Cryptocurrency mining is energy intensive because it requires highly specialized computers – and most of the electricity it consumes is generated by burning planet-warming fossil fuels. The climate-related economic damage caused by mining the popular digital token, bitcoin, exceeded its market value on 6.4% of the days it traded between 2016 and 2021, the paper published in Scientific Reports found on Thursday.
The study calculated the climate costs of mining bitcoin against its average market price, comparing it to other commodities such as crude oil, gold or beef. This means that the results do not reflect total emissions from these industries, which would be far greater, but their relative impact.
The climate impact of gold mining, to which bitcoin is often compared, is just 4% of the average market price in an average year, compared to 35% for the world’s most popular cryptocurrency between 2016 and 2021. And the environmental impact has grown as the cryptocurrency market has matured, which questions the sector’s general sustainability.

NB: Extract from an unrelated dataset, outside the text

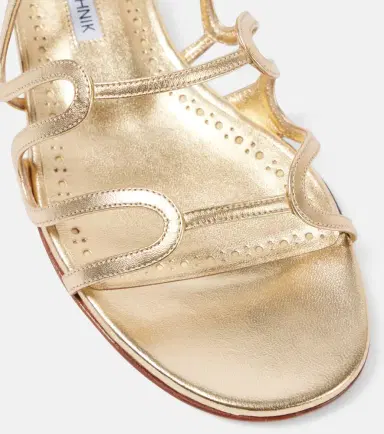 Manolo Blahnik Fawdaflat metallic leather sandals | Thumbnail 4 Manolo Blahnik Fawdaflat metallic leather sandals | Thumbnail 4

“While proponents have offered (bitcoin) as representing ‘digital gold’, from a climate damage perspective it functions more like ‘digital crude oil,'” the researchers said, signaling the need to find more efficient ways to produce tokens, or to increase regulation.
Bitcoin mining, which represents about 41% of the global cryptocurrency market, consumed more energy than was used to power entire countries like Austria or Portugal in 2020. The mining of bitcoin, ether, litecoin and monero coins generated 3 to 15 million tonnes of carbon dioxide emissions from January 2016 to June 2018, according to research cited by the paper. This corresponds to the emissions from Afghanistan, Slovenia or Uruguay in 2018.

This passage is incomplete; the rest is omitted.